Of course, b/c that's just hindsight.

He's already in deep poop, so that was smart to claim that he was fearing for his life and go from there.


----------



## jayoliver00 (Aug 6, 2021)

Steve said:


>




Doh, he admitted to......"I boxed for...13 years, man".... case dismissed.


----------



## drop bear (Aug 6, 2021)

jayoliver00 said:


> Of course, b/c that's just hindsight.
> 
> He's already in deep poop, so that was smart to claim that he was fearing for his life and go from there.



Yeah. That is standard practice. I have a police statement coming up and I will be fearing for my life. 

Because that is basically one of two reasons you can act.


----------



## jayoliver00 (Aug 6, 2021)

punisher73 said:


> And the other guy can claim that he was scared because this big guy was coming at him as well.

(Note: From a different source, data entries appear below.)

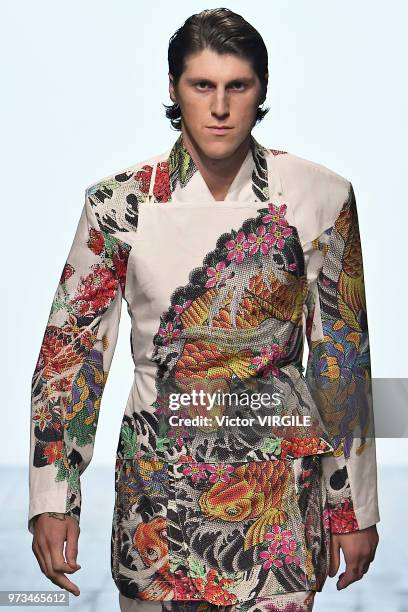 Model walks the runway at the Alex Mullins Spring/Summer 2019 fashion show during London Fashion Week Men's June 2018 on June 10, 2018 in London,...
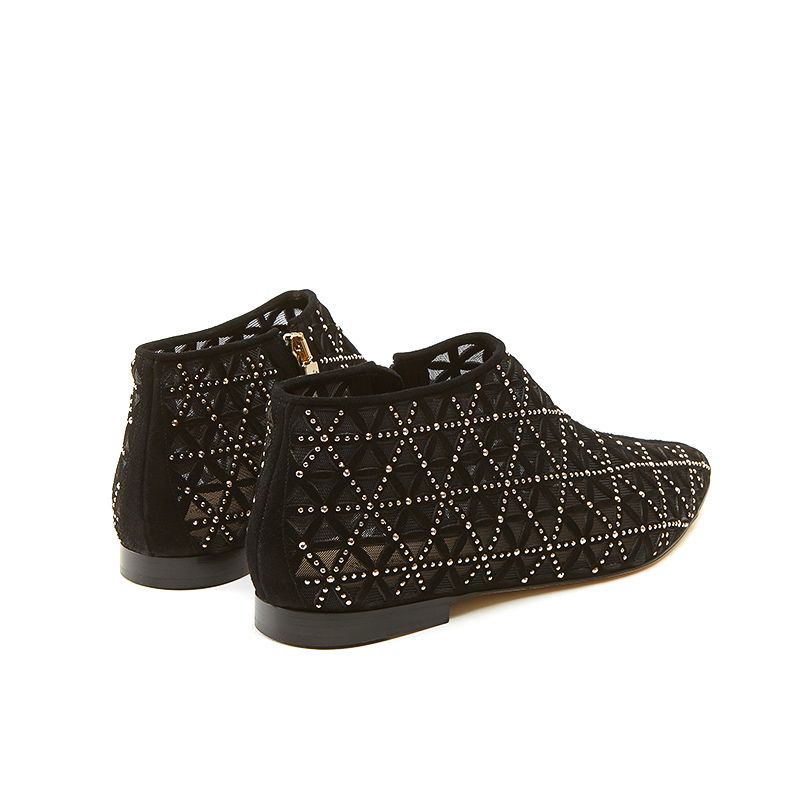 Tronchetti neri in camoscio con iconico pattern laserato, piccole borchie dorate e tacco basso, da donna by Fragiacomo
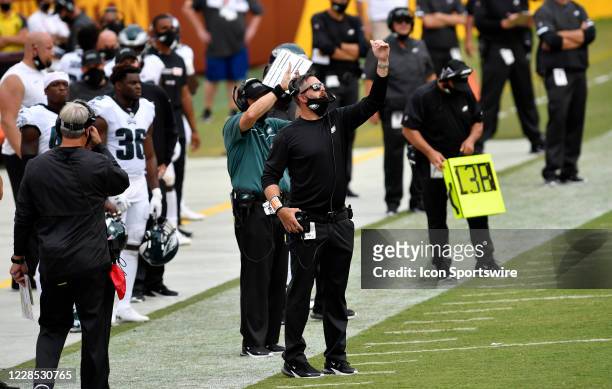 Eagles offensive coordinator Mike Groh coaches from the sideline during the Philadelphia Eagles vs. Washington Football Team NFL game at FedEx Field...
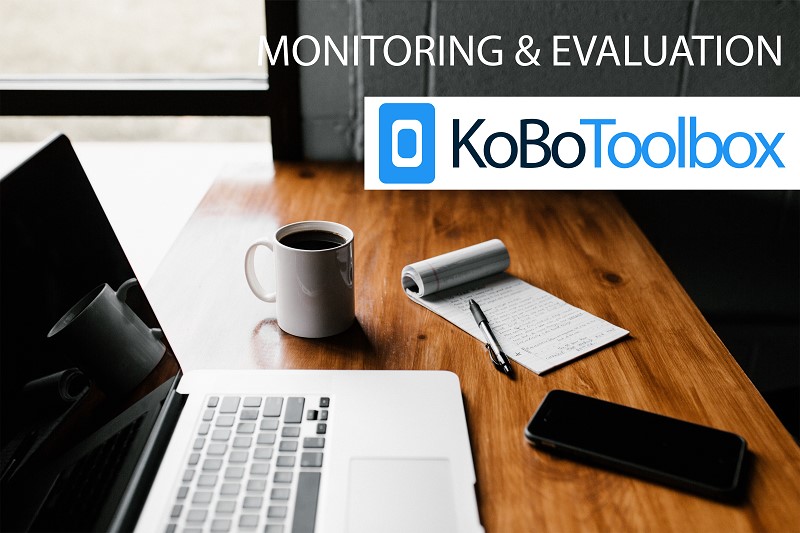 Picture of a desk with a laptop, coffee mug, smartphone, notepad and KoBoToolbox logo at top right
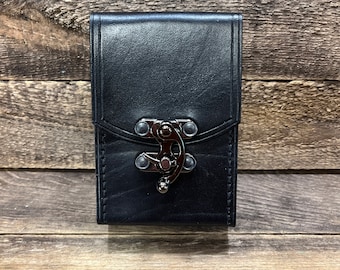May include: Black leather wallet with a silver clasp and decorative studs.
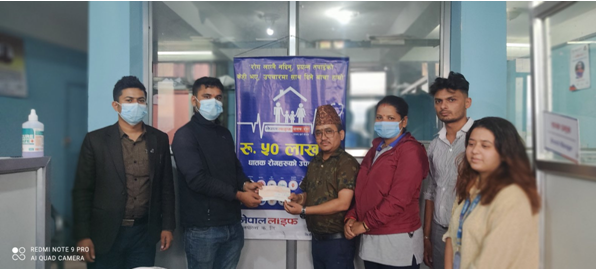नेपाल लाइफद्धारा घातक रोग वापत ६ लाख रुपैयाँ दाबी रकम हस्तान्तरण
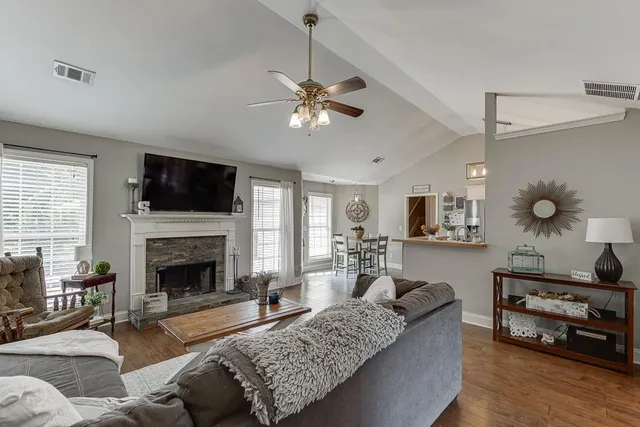 a living room with furniture and a fireplace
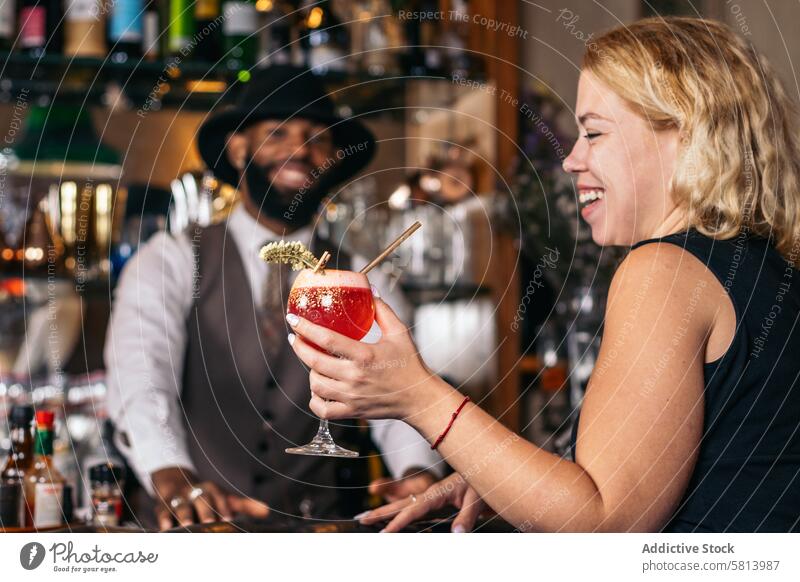 stylish black bartender offering a customer a cocktail barman beverage mixologist nightclub alcohol barkeeper glass drink work professional bartending indoors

He's in a publicly accessible place for social gathering so it's not unusual for someone to approach him. There's no real, legal indication of Schilling staging an attack with his hands both down; when it comes to what's *usually accepted in court. While cocking the hand back like that, is virtually an attack (and not just staging, ie. getting in stance, hands up, etc.).


----------



## drop bear (Aug 6, 2021)

jayoliver00 said:


> He's in a publicly accessible place for social gathering so it's not unusual for someone to approach him. There's no real, legal indication of Schilling staging an attack with his hands both down; when it comes to what's *usually accepted in court. While cocking the hand back like that, is virtually an attack (and not just staging, ie. getting in stance, hands up, etc.).



Defensive stance because he was afraid for his life.

It can go both ways

I am a hands up self defensive fighter. I have just been caught too many times to half *** it.


----------



## jayoliver00 (Aug 6, 2021)

drop bear said:


> Defensive stance because he was afraid for his life.
> 
> It can go both ways
> 
> I am a hands up self defensive fighter. I have just been caught too many times to half *** it.



who do you mean was taking a defensive stance?

And we all know that both of them were trouble makers, ready to bang. Just formalities for the court.


----------



## drop bear (Aug 6, 2021)

jayoliver00 said:


> who do you mean was taking a defensive stance?
> 
> And we all know that both of them were trouble makers, ready to bang. Just formalities for the court.



The other guy could argue that as much a Joe could argue he was defending himself. 

And yes they both just wanted to fight.


----------



## jayoliver00 (Aug 6, 2021)

drop bear said:


> The other guy could argue that as much a Joe could argue he was defending himself.
> 
> And yes they both just wanted to fight.



I'm just saying that in court, Joe's hands down would show him being less of a threat, as it's perfectly legal to turn around and walk up to someone in a place of social gatherings to have words.

Hands up, ie. a high guard, would indicate, "I want to fight".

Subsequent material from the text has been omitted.